Designing data transparency – ideas from the community
Data seems to encompass all that we do now. We asked thoughtful technologists share ideas on how to design better data systems.
Data is at work in every part of your life.
Retailers, governments, employers and more see it as a critical part of knowing how you tick and controlling interactions with you.
For better and worse it’s happening everywhere so we better get wise to how it actually happens.
yourData is openDemocracy’s project to promote data transparency. We explore ways to show people how their data is used by data-driven websites. If a website shows me an article, or tries to sell me a product, or manages my access to government services, I want to know if and how they’re using my data (like my current location, my gender, or my race) to make that decision. That decision is called personalisation and it’s a filter that you typically have little knowledge of or control over.

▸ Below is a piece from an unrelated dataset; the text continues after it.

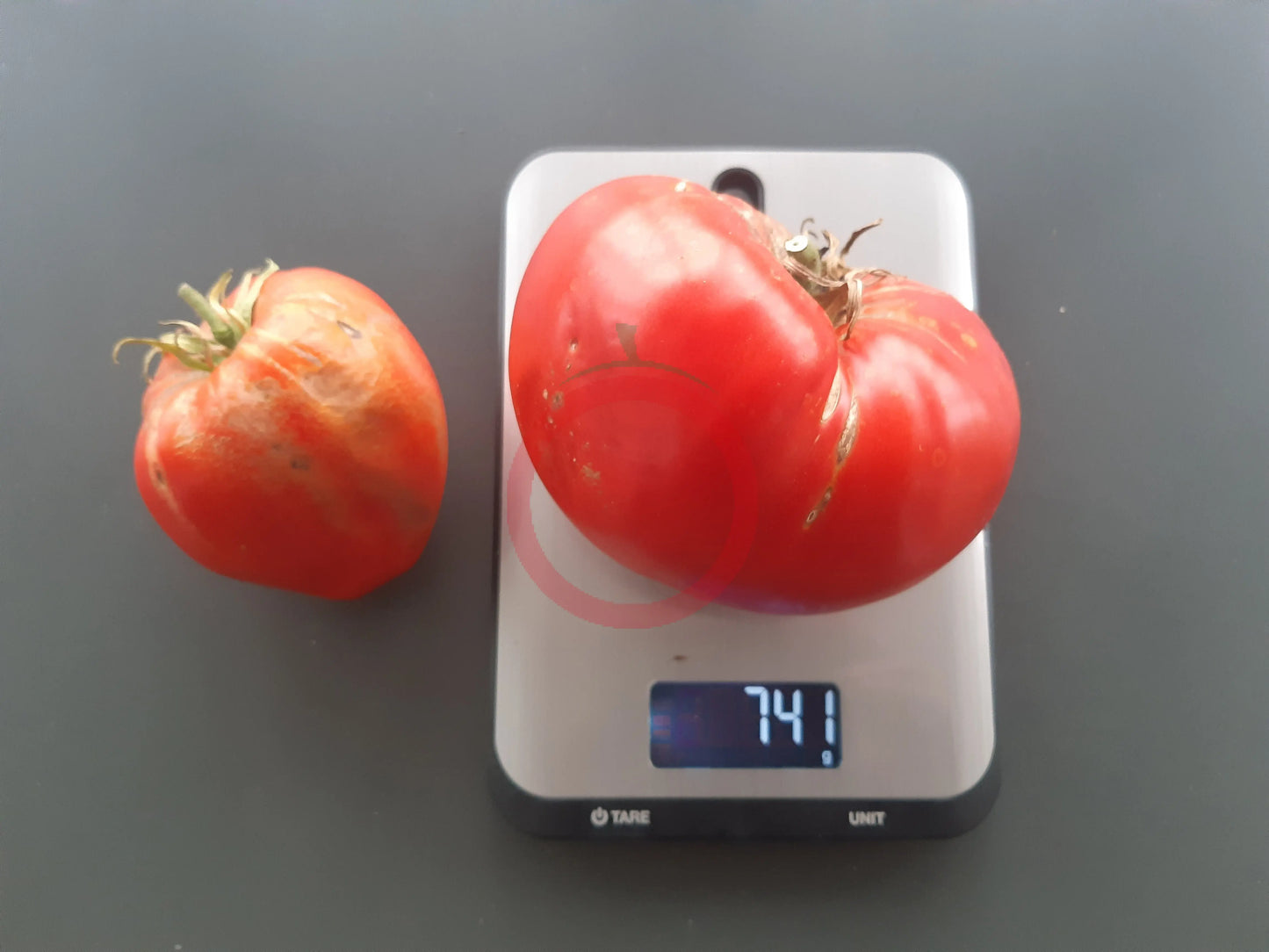 Momini Salzi DER TOMATENFLÜSTERER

yourData tells our readers if they are viewing an automatically personalised page and shows them what data shaped that decision. We make this information available at the exact moment that they get the personalised content, not far away in a settings page or elsewhere.
There are many ways that this kind of transparency feature can lead to a more informed web experience. We are in conversation with technologists, designers, ethicists, readers and others who think about these questions.

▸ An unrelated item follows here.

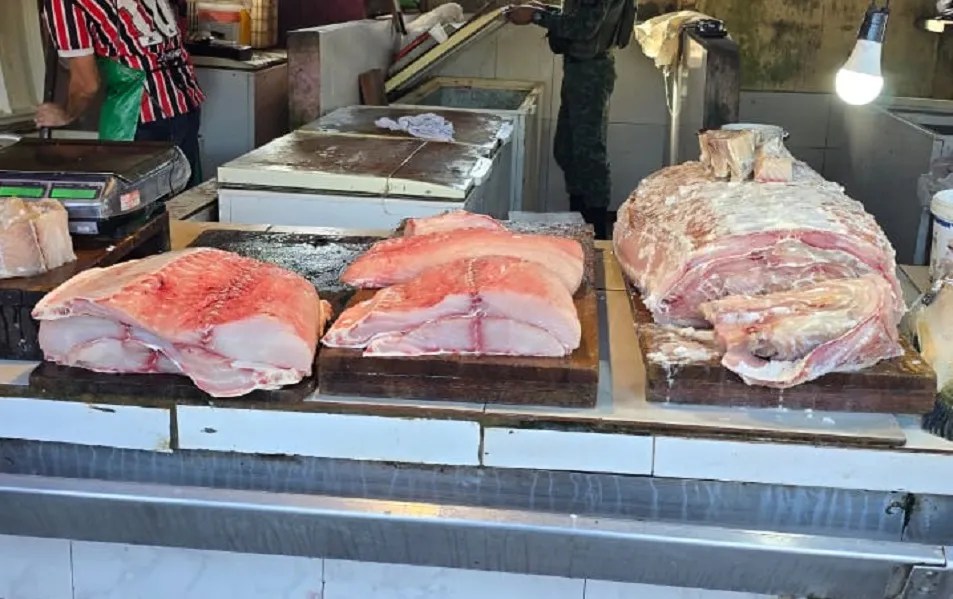 Polícia Militar do Amazonas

So we asked some of them to share their ideas about how we might develop these features and how they would like to see transparency advanced more widely.
The answers are a mixture of design insights and broader reflections on the politics of data. Some of them propose thoughtful developments to our initial designs, others present fundamental objections to our approach. These ideas will inform our thinking as we develop our designs and find ways to build a more transparent web.
We thank the respondents for their opinion and expertise.
More submissions will be published in future so please send us your own ideas.
Laura Kalbag is Co-Founder of the Small Technology Foundation.
What changes do you think would improve the yourData feature as it currently stands? Or what about personalisation technologies more generally?
It’s important to understand how personalisation works, the data that a business can obtain about you, and how they build profiles about you to better target you with ads and other types of content. However, when ads or other targeted content is made “transparent”, businesses will only show you the targeting data they feel comfortable sharing with you, the data that won’t scare you off. Very few of us are worried about a business knowing our gender, that we live in a particular city or that we’re in a certain age bracket when we tend to share most of that information willingly in social media profiles.
We tend to be less comfortable when we find out the business knows where in a building we live, what time we leave the house and who we’ve slept alongside...
We also don’t just need transparency on the data a business collects about us, but how their algorithms work. An ad will only be shown to a limited number of people – what in the algorithm determines which people? Is it based on our perceived persuadability? The likelihood of us clicking an ad, or some other factor they’ve determined about us?
We also need to know how the data collected about us is otherwise used. Is it combined with data about our friends and family? Is it shared with other businesses who have further data about us? As Aral Balkan says, data about a person is not the same as data about a rock. The data about us, and how it’s used, can have wide-ranging effects on our lives, from our credit scores and insurance to whether a platform decides to show us non-stop ads for political propaganda.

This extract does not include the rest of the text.